While advanced methods for person detection are becoming more reliable [2, 3], most existing activity recognition approaches rely on visual tracking following a tracking-by-detection paradigm. These methods either fail to consider social interactions while inferring activities [4, 5, 6] or have difficulties recognizing the structural correlations of actions and interactions [7, 8, 9]. In particular, there are two major challenges: (i) ineffective tracking due to frequent occlusions in groups and crowds, and (ii) the lack of a suitable methodology to infer the complex but salient structures involving social dynamics and groups.
In this paper, we address both challenges using a bootstrapping framework to simultaneously improve the two tasks of multi-person tracking and social group activity recognition. We take state-of-the-art person detections [2, 3] as input to perform initial multi-person tracking. We then recognize stable group structures including the temporally cohesive individual activities (such as walking) and pairwise interactions (such as walking side-by-side, see Fig.1 to robustly infer collective social activities (such as street crossing in a group) in multiple stages. Auxiliary inputs such as body orientation detections can be considered within the stages as well. The recognized activities and salient grouping structures are used as priors to recover occluded detections and false associations to improve performance.

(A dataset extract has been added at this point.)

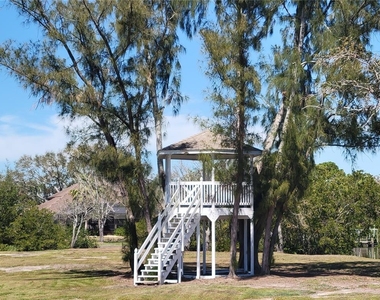 1730 Robinhood Lane - Photo Thumbnail 28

We explicitly explore the correlations of pairwise interactions (of two individuals) and their group activities (within the group of more individuals) during the optimization. Observe in Fig.1 that group activities generally consist of correlated pairwise interactions, which we have exploited in the multi-stage inference steps. In our method, the multi-target tracking and the recognition of individual/group activities are jointly optimized, such that consistent activity labels characterizing the dynamics of the individuals and groups can be obtained. The individual and group activities are formulated using a dynamic graphical model, and high-order correlations are represented using hypergraphs. The simultaneous pedestrian tracking and multi-person activity recognition problems are then to be solved using an efficient cohesive cluster search in the hypergraphs.

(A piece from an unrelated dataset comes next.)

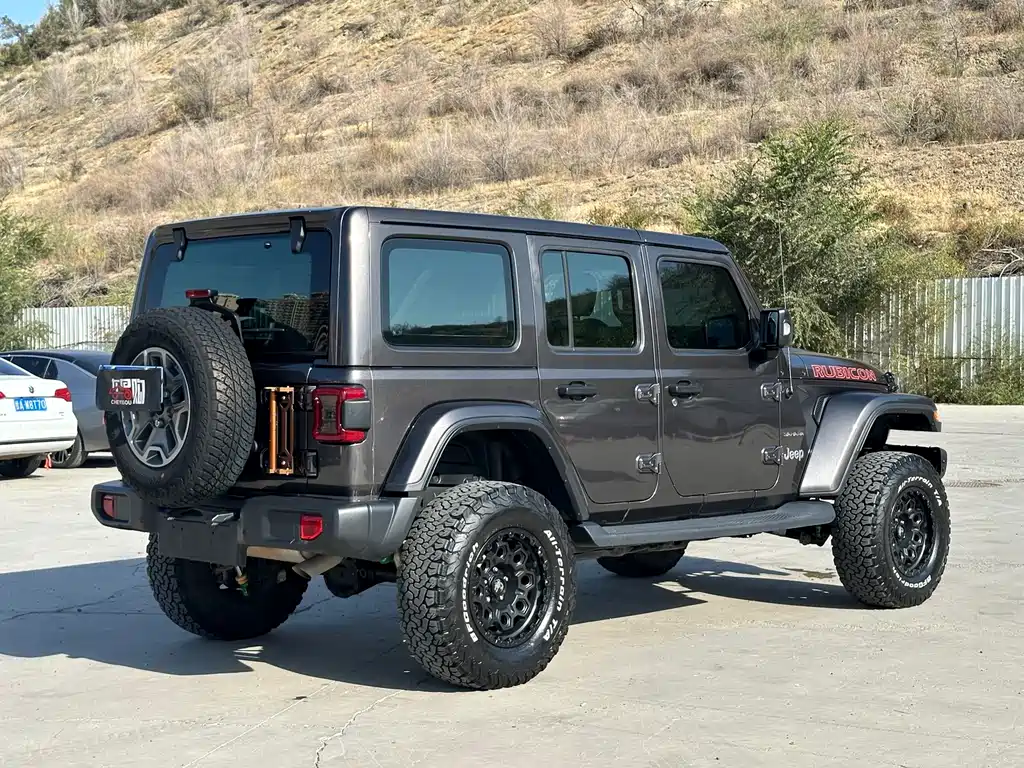 Jeep Wrangler — миниатюра 9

The main contribution of this work is two-fold. First, we propose a new framework that can jointly solve the two tasks of real-time simultaneous tracking and activity recognition. Explicit modeling of the correlations among the individual activities, pairwise interactions, and collective activities leads to a consistent solution. Second, we propose a hypergraph formulation to infer the high-order correlations among social dynamics, occlusions, groups, and activities in multi-stages. Simultaneous tracking and activity recognition are formulated as a bootstrapping framework, which can be solved efficiently using the search of cohesive clusters in the hypergraphs. This hypergraph solution is general that it can be extended to include additional scenarios or constraints in new applications.

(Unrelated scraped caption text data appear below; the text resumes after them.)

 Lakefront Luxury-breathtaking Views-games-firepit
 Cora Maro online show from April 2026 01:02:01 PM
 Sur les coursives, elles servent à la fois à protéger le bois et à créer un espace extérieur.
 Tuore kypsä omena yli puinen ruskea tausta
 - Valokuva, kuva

Experiments on several benchmarks show the advantages of our method with improvements in both activity recognition and multi-person tracking. Our method is easily deployable to real-world applications, since: (i) camera calibration is not required; (ii) online video streams can be processed by considering a time window in a round; (iii) the computation can be performed in real-time (about 20 FPS, not including the input detection steps).
Ii Related Works
There exists a tremendous amount of multi-person tracking and activity recognition works. See [10, 11] for survey. Our work is most related to the collective activity recognition, which are organized into the following three categories — recognition based on (i) detection, (ii) tracking, and (iii) simultaneous tracking and recognition.
Ii-a Collective Activity Recognition based on Detection
A hierarchical model is used in  to recognize collective activities by considering the person-person and group-person contextual information. The work of  uses hierarchical deep neural networks with a graphical model to recognize collective activities based on the dependencies of individual activities. This work is further extended in , where the individual and collective activities are iteratively recognized using RNN with refinements. Multi-instance learning is used in  to recognize collective activities by inferring the cardinality relations of individual activities. A recurrent CNN is used in  for the joint target detection and activity recognition.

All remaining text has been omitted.